Motion for a resolution | Doc. 11835 | 05 February 2009

Signatories:
Ms Carina HÄGG, Sweden ; Ms Sonja ABLINGER, Austria, SOC ; Mr John AUSTIN, United Kingdom ; Ms Olena BONDARENKO, Ukraine, EPP/CD ; Ms Alena GAJDŮŠKOVÁ, Czech Republic, SOC ; Baroness Anita GALE, United Kingdom ; Ms Francine JOHN-CALAME, Switzerland, SOC ; Ms Krista KIURU, Finland, SOC ; Ms Christine McCAFFERTY, United Kingdom ; Ms Miet SMET, Belgium ; Ms Doris STUMP, Switzerland, SOC ; Mr Paul WILLE, Belgium ; Ms Karin S. WOLDSETH, Norway
Thesaurus

The United Nations Declaration of Human Rights and the United Nations International Covenant on Civil and Political Rights guarantee the right of everyone to leave any country, including their own, and the right to return to their own country.
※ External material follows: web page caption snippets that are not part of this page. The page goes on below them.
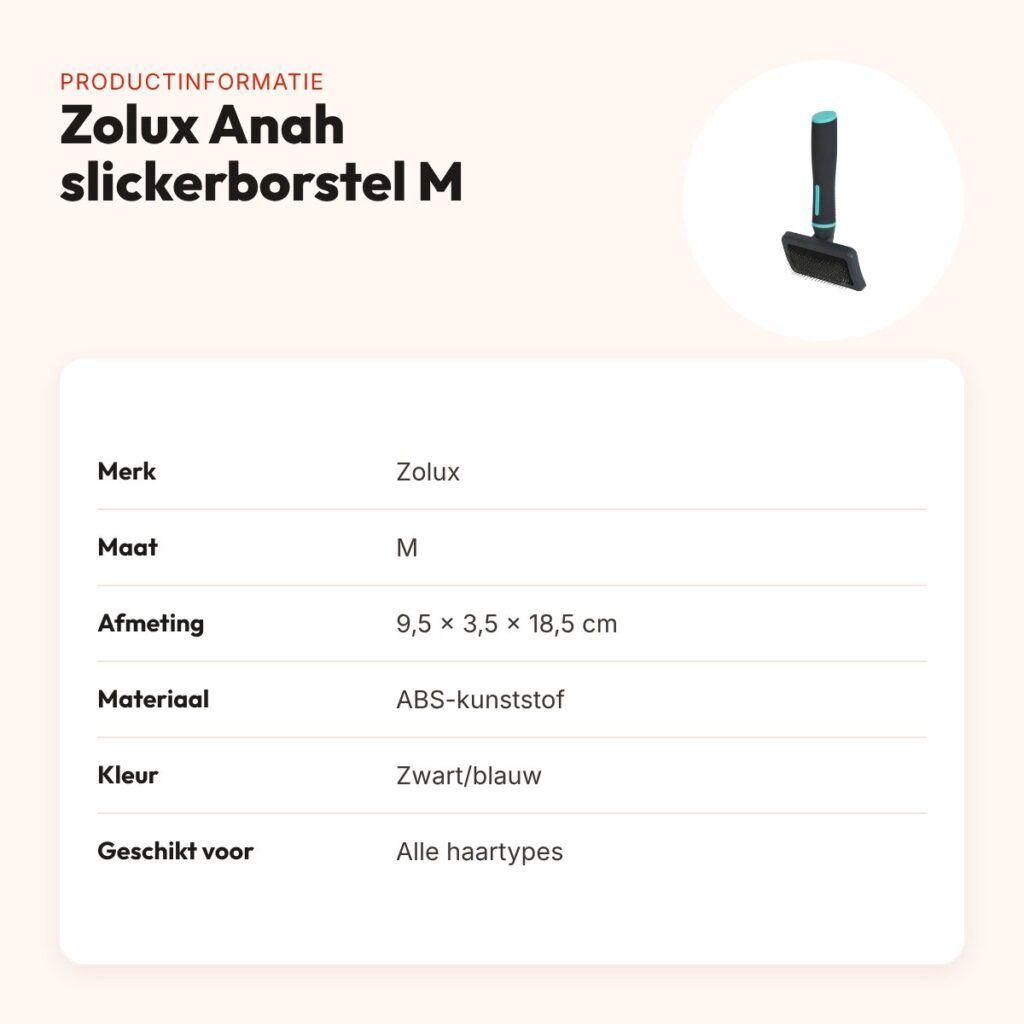 Zolux Anah slickerborstel M 9,5 x 3,5 x 18,5 cm – zwart/blauw – productinformatie
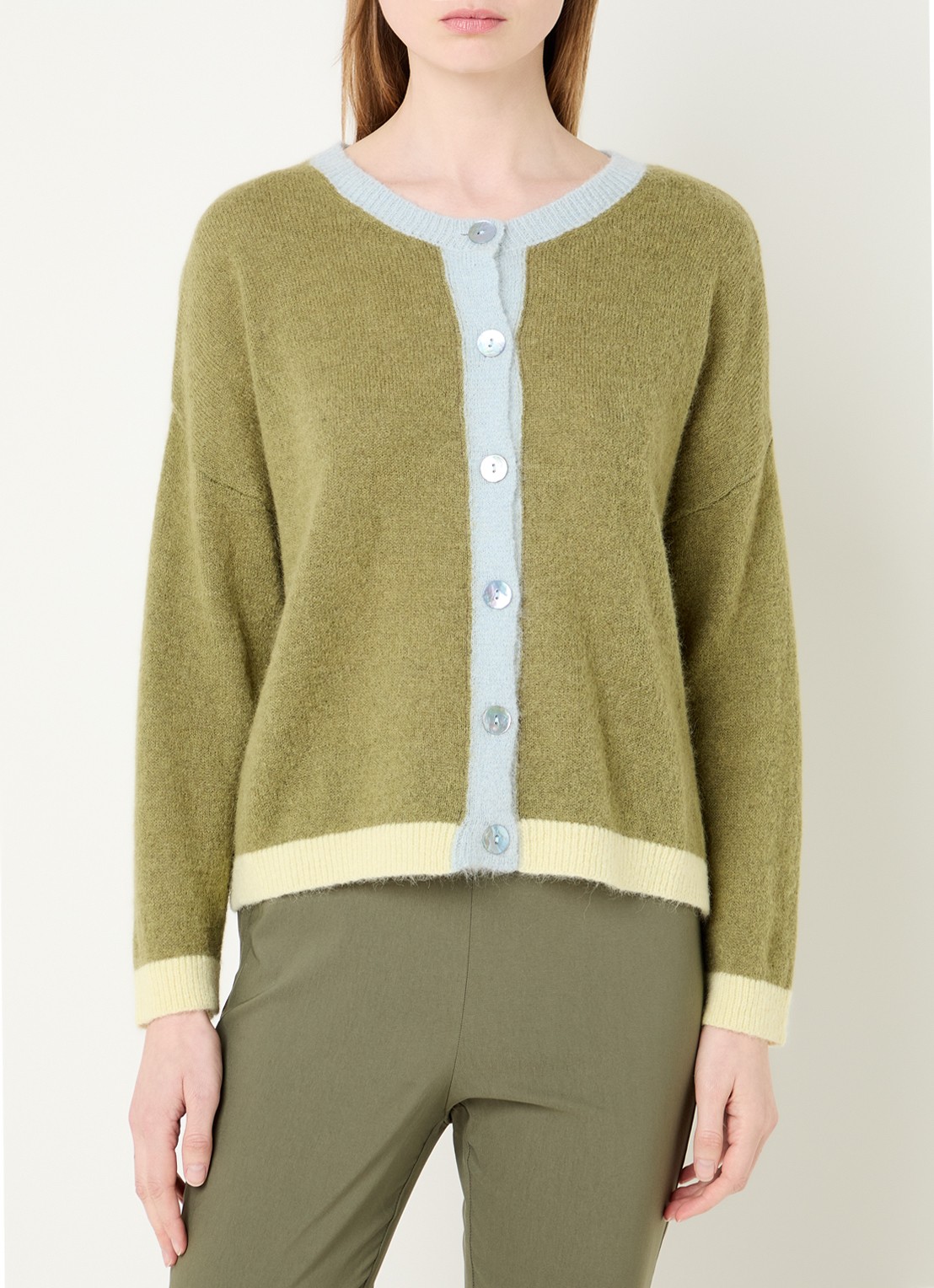 River Woods Grofgebreid vest in alpaca wolblend met streepprint - detail legergroen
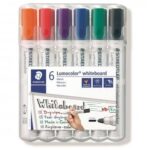 Комплект от 6 цветни маркера Staedtler за бяла дъска с напълно изчистима химикалка.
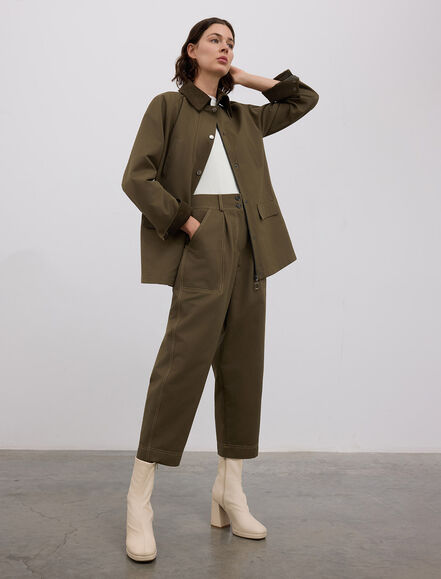 BGN WORKSHOP - KADIFE GARNILI FERMUARLI KISA TRENCHCOAT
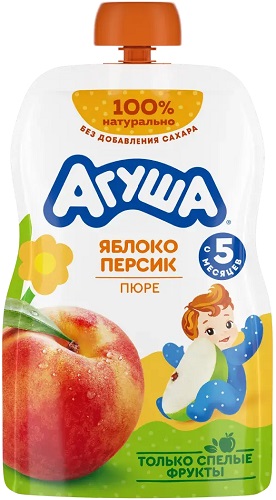 Агуша Пюре яблоко- персик 90г БЕЛ Пауч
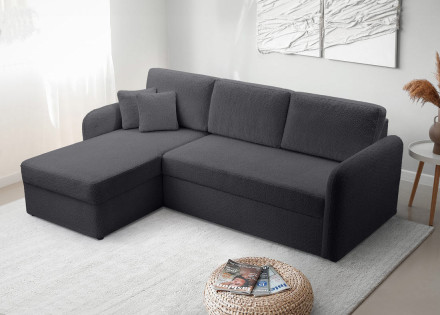 Canapé d'angle 4 places convertible en tissu bouclette Pocatello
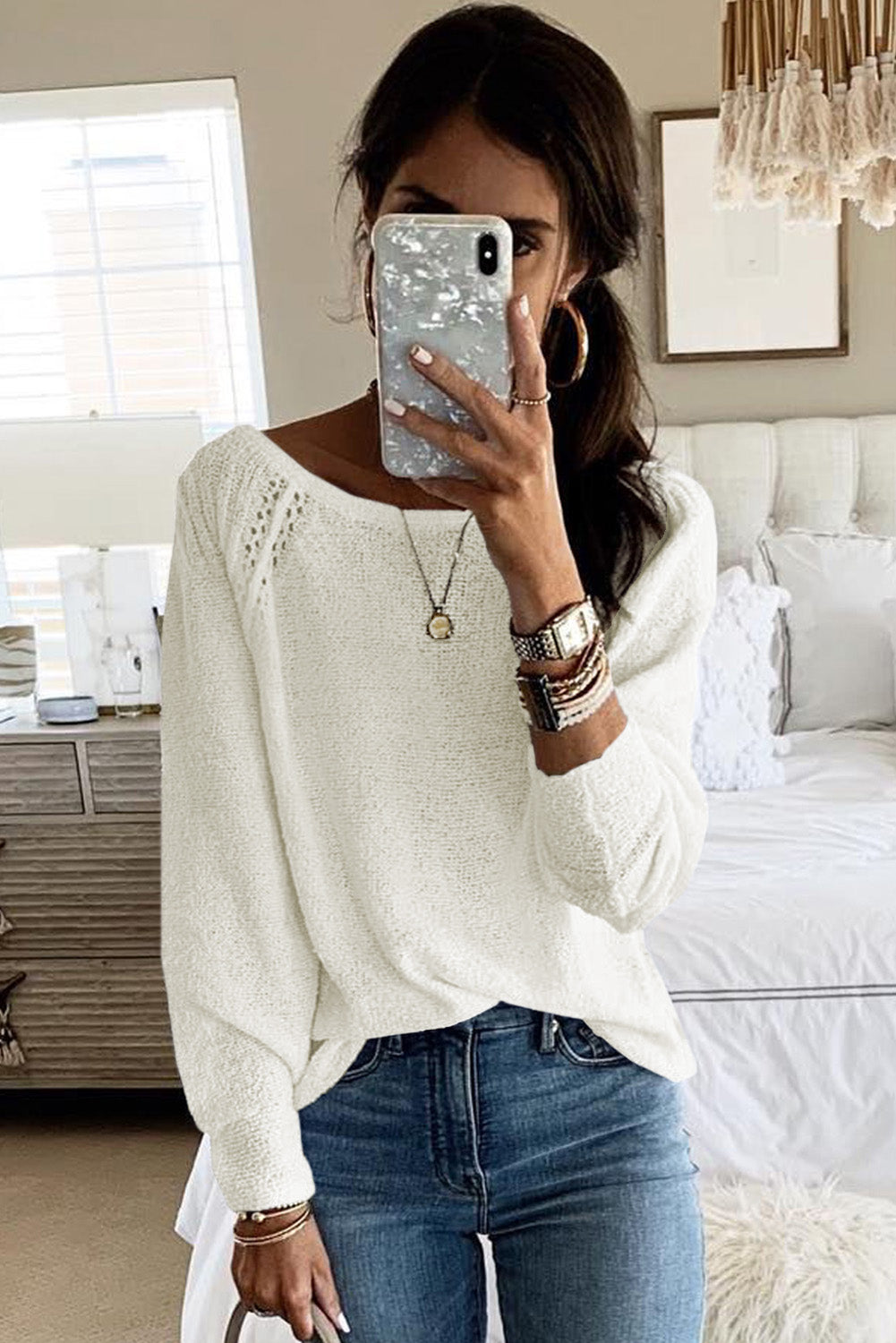 Long Sleeve Cutout Shoulder Relaxed Sweater | White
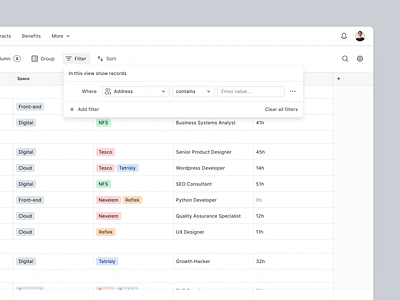 NFS - Filter Component component dashboard data dropdown filter modal saas sort sorting spreadsheets table tool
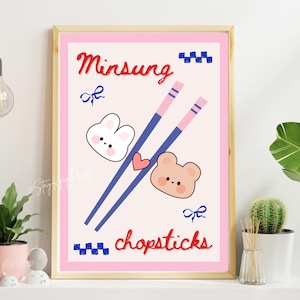 Impresión artística digital de Stray Kids Minsung, póster de Han Jisung y Lee Know de SKZ, linda decoración de habitación de Kpop, juego de tamaños A4 y A5, palillos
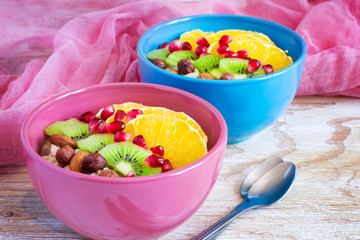 Oatmeal with fruit and nuts for a healthy breakfast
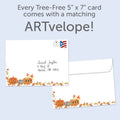 Load image into Gallery viewer, The envelope for Tree-Free’s Spooky Spiders And Pumpkins Halloween Card card, along with the following text: “Every Tree-Free 5x7 card comes with a matching ARTvelope!”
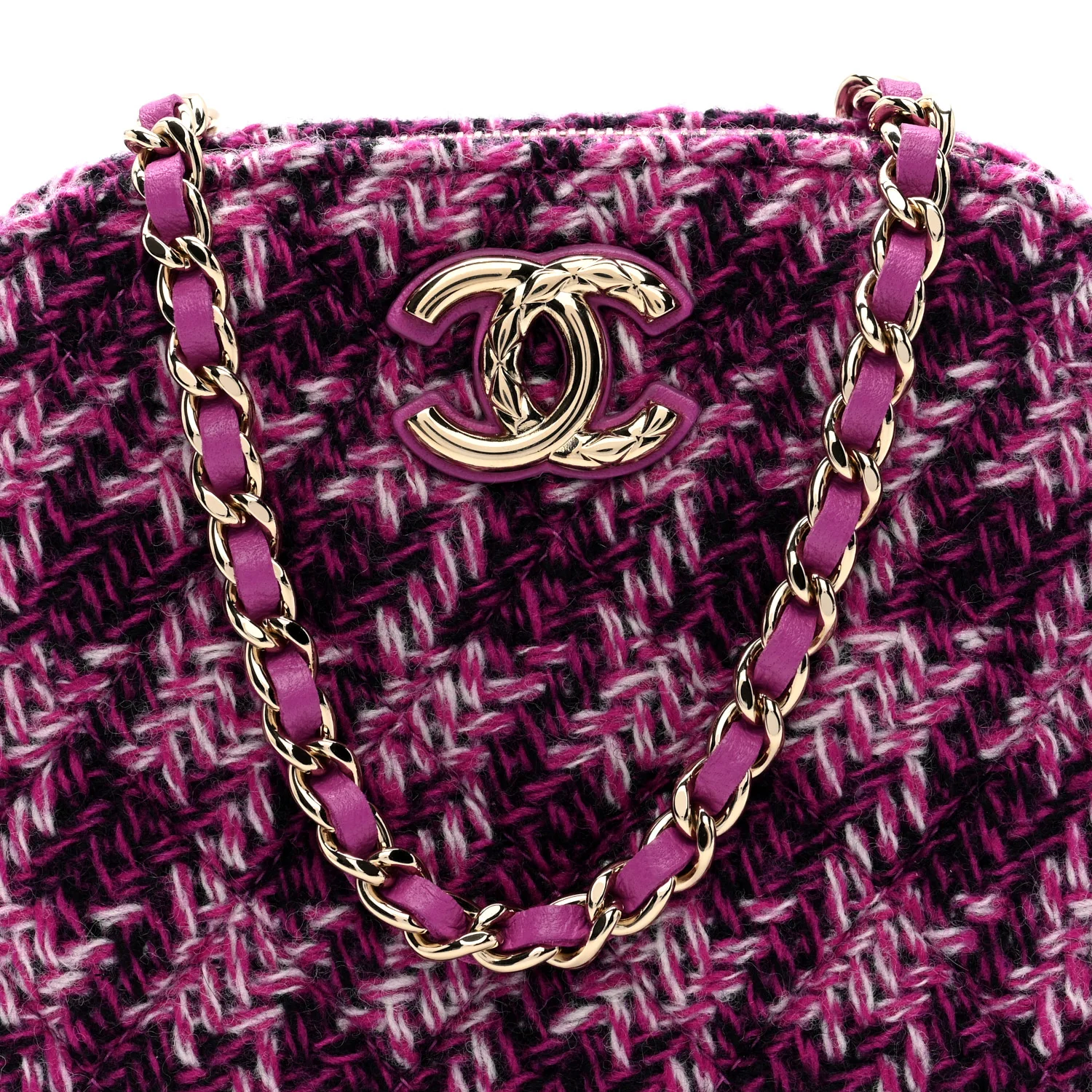 Tweed Quilted Mini Clutch With Chain Purple - Top Club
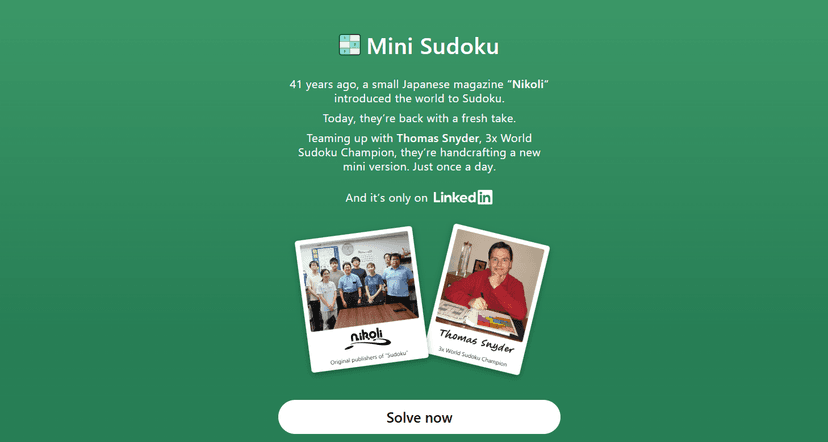 LinkedIn Mini Sudoku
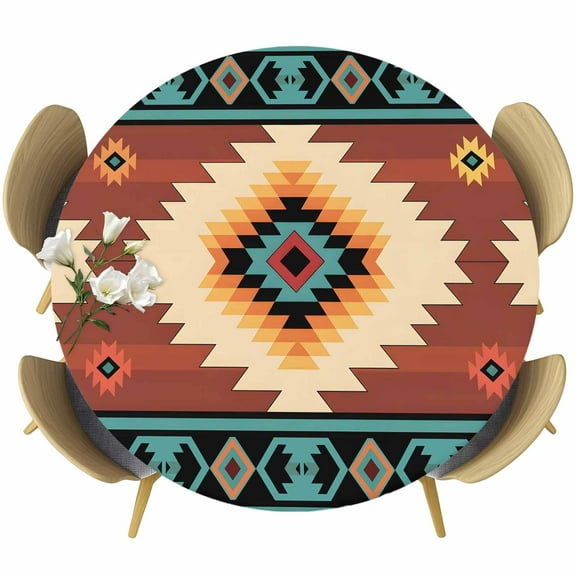 Boho Fitted Tablecloth with Elastic Edged, Round Table Cloth for Dining Table, Brown Turquoise Abstract Tribal Ethnic Geometric Waterproof Oil Proof Table Cover for Indoor Outdoor 45"-54"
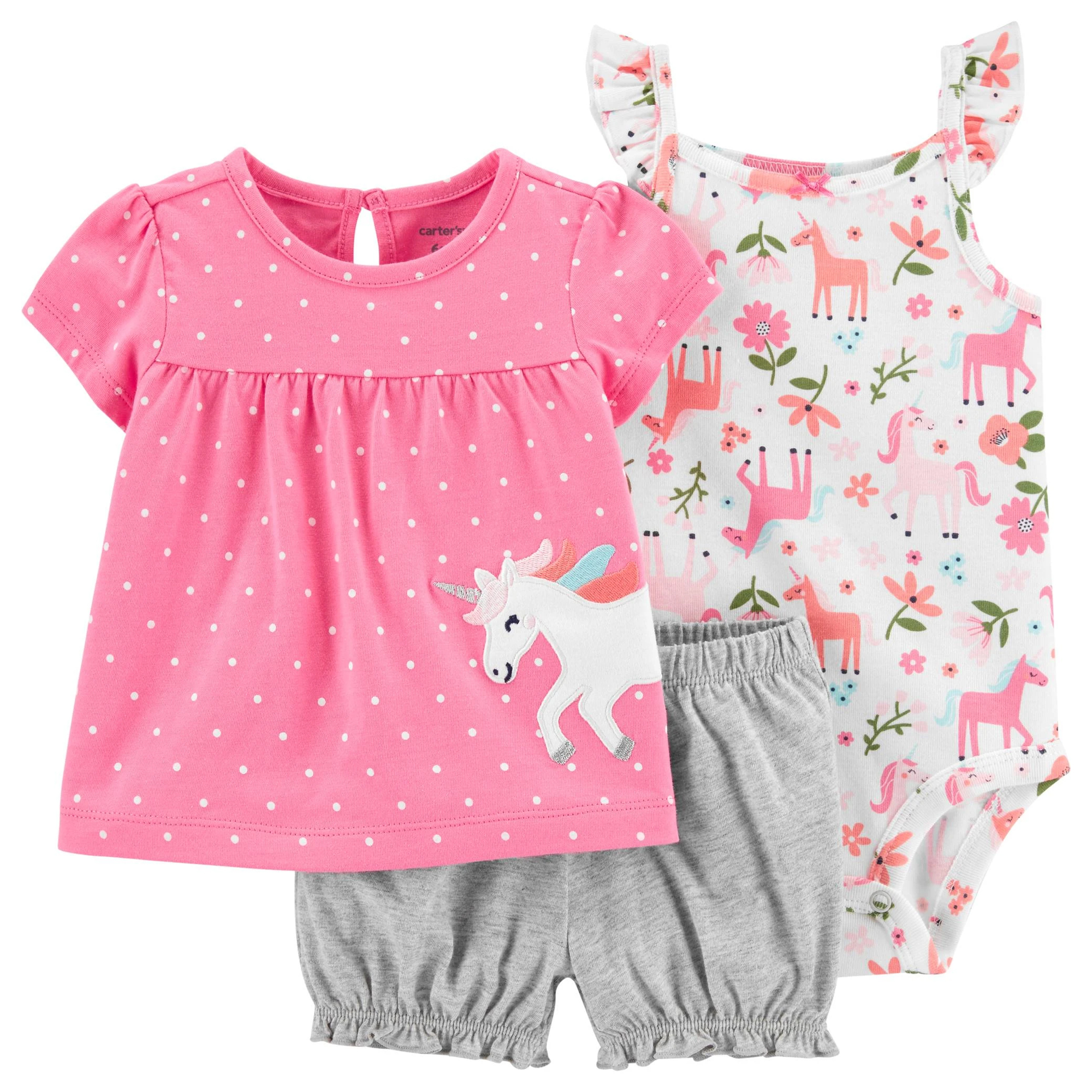 ست 3 تکه لباس نوزادی دخترانه کارترز طرح اسب تک شاخ کد M358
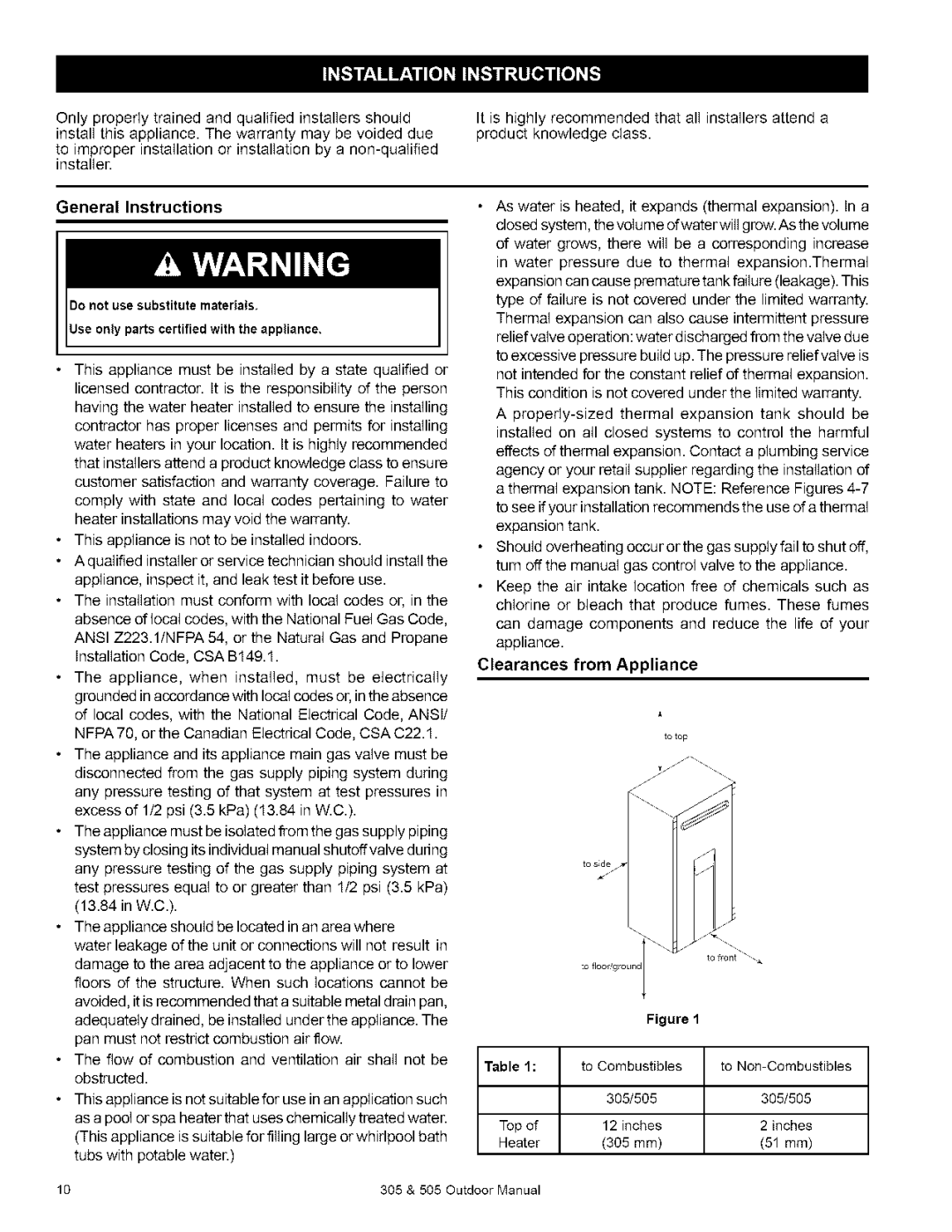 Kenmore 505, 305 owner manual General Instructions, Tos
Yet many women in the world do not have individual passports and cannot freely travel alone, although travel for personal, professional or humanitarian reasons, for study purposes, on behalf of international organisations or to fulfill political functions at international level is on the increase in a globalised world.

Passports for married couples issued in the countries concerned allow the spouses to travel together, or the husband to travel alone – but not the wife. So this practice is clearly discriminatory and contrary to the United Nations provisions.

Formalities for the issuing of passports are admittedly a matter in which states are sovereign. However, by allowing women without individual passports to cross borders or by denying access to women travelling alone without their own passports because they cannot hold one, Council of Europe member states help to perpetuate a discriminatory practice.

This practice is particularly problematic when a woman without an individual passport wishes to apply for asylum, especially in order to escape gender-based violence that she may experience in her family.

The Parliamentary Assembly invites the member States of the Council of Europe to:

  • reaffirm the right of every individual to freely leave his or her country or return to it, and consequently promote the right of every individual to hold an individual passport;
  • condemn the discriminatory practices of states which refuse to grant women individual passports or which make obtaining an individual passport subject to permission from a male member of the family;
  • encourage third states to abolish all provisions that discriminate against women;
  • give special consideration to the reasons why women without individual passports enter their territory, particularly in the case of asylum applications.